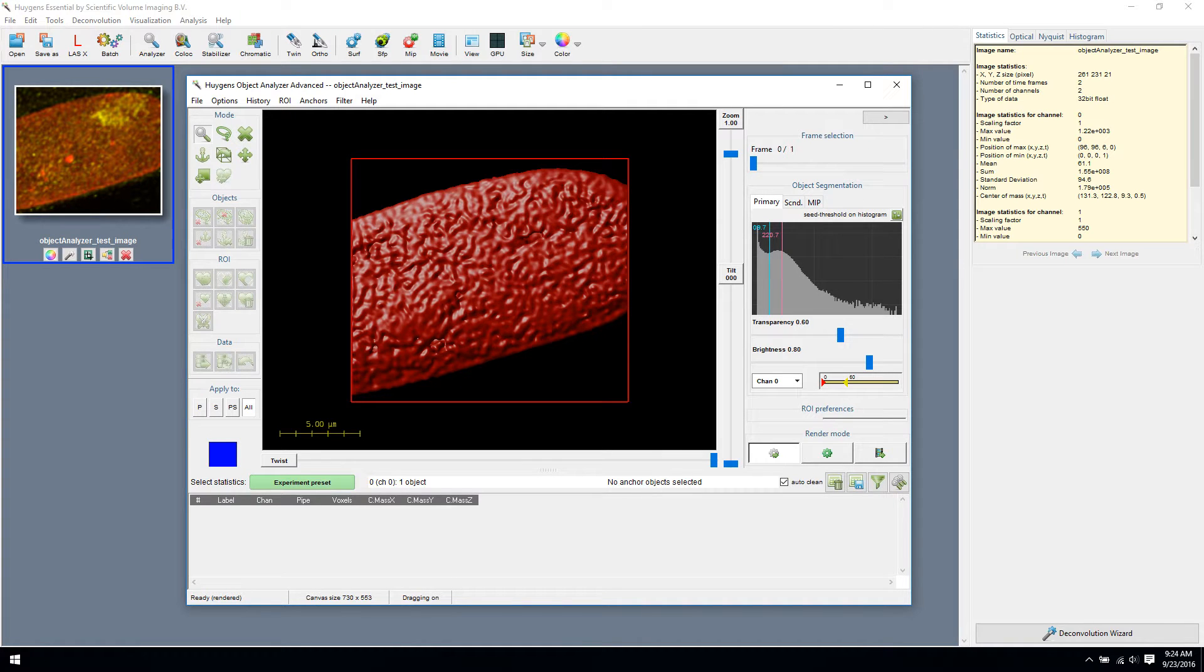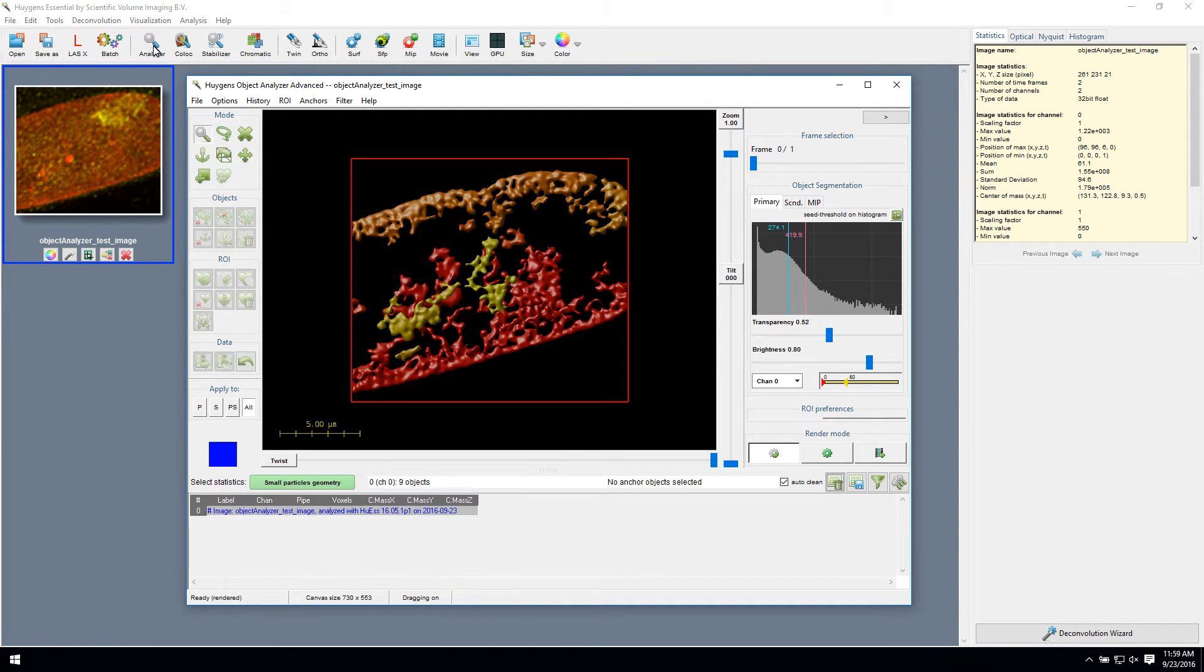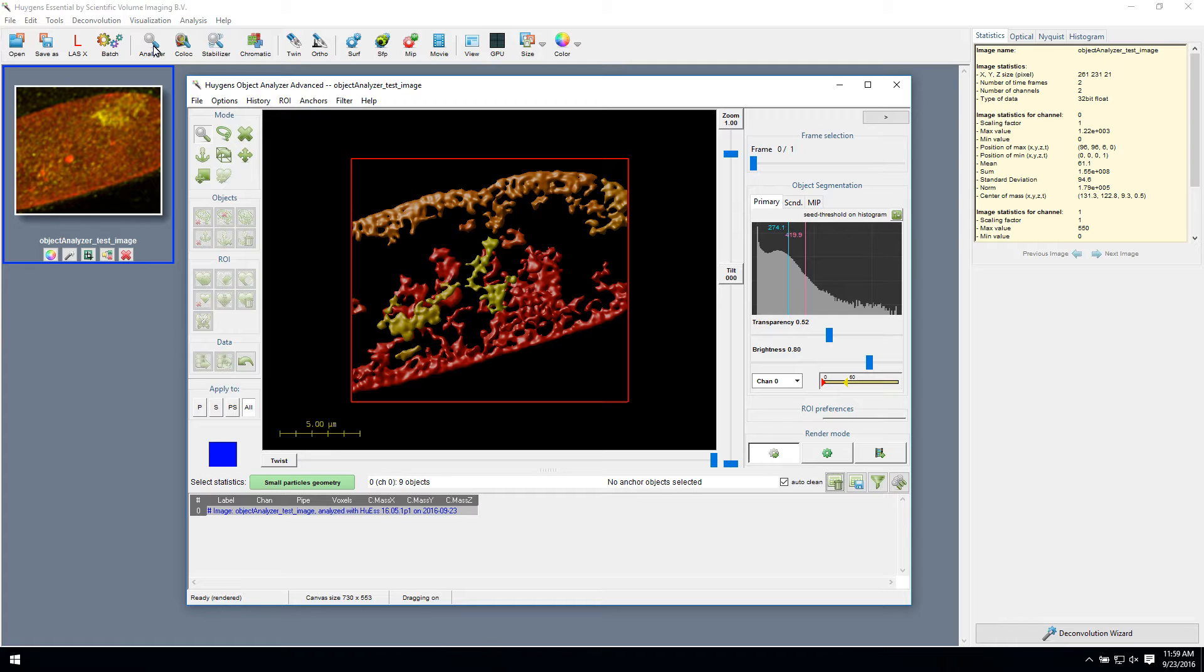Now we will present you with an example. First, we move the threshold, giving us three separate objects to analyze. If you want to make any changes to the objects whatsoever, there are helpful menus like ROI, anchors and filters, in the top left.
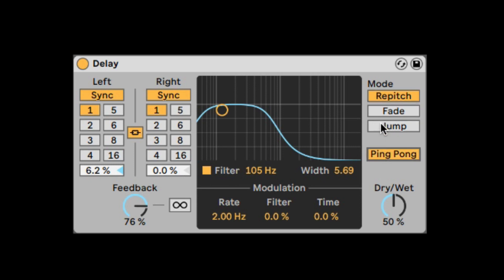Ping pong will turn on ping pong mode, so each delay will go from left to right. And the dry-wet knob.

····················

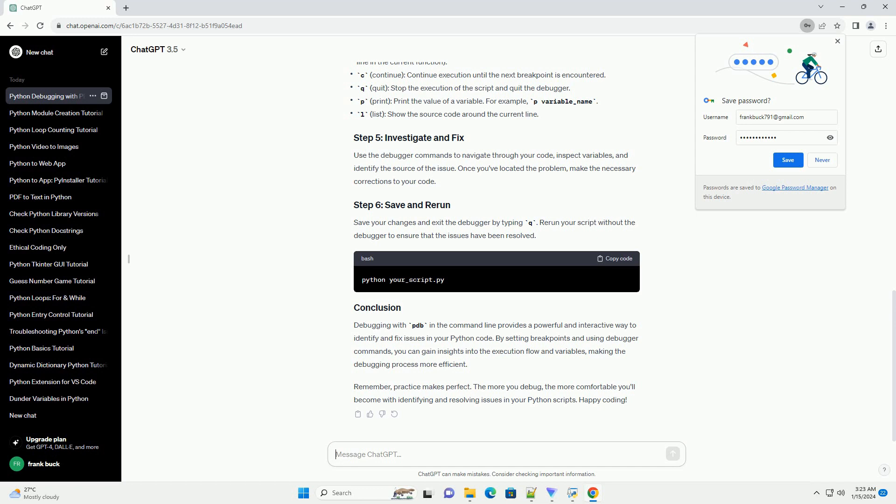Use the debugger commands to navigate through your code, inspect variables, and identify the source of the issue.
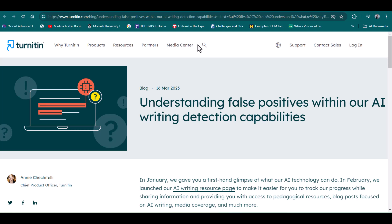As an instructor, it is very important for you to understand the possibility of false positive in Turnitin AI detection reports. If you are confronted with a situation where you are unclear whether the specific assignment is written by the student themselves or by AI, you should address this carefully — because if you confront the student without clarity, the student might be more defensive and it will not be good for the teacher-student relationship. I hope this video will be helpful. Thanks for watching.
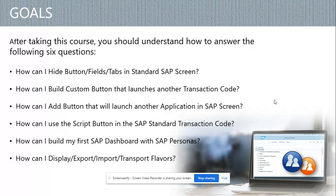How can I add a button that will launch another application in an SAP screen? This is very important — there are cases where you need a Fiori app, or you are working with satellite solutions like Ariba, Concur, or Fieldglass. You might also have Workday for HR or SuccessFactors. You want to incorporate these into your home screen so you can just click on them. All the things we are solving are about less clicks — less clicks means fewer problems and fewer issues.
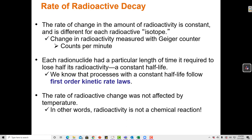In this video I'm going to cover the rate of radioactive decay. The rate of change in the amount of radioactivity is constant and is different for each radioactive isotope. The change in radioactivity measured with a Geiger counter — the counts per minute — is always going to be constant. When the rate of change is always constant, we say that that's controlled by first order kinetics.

····················

Exercise for the records above: copy only the lines from the one with "How can I add" to the one with "In this video", both ends kept, and drop the pictures.

- Response to this task:
How can I add a button that will launch another application in an SAP screen? This is very important — there are cases where you need a Fiori app, or you are working with satellite solutions like Ariba, Concur, or Fieldglass. You might also have Workday for HR or SuccessFactors. You want to incorporate these into your home screen so you can just click on them. All the things we are solving are about less clicks — less clicks means fewer problems and fewer issues.
In this video I'm going to cover the rate of radioactive decay. The rate of change in the amount of radioactivity is constant and is different for each radioactive isotope. The change in radioactivity measured with a Geiger counter — the counts per minute — is always going to be constant. When the rate of change is always constant, we say that that's controlled by first order kinetics.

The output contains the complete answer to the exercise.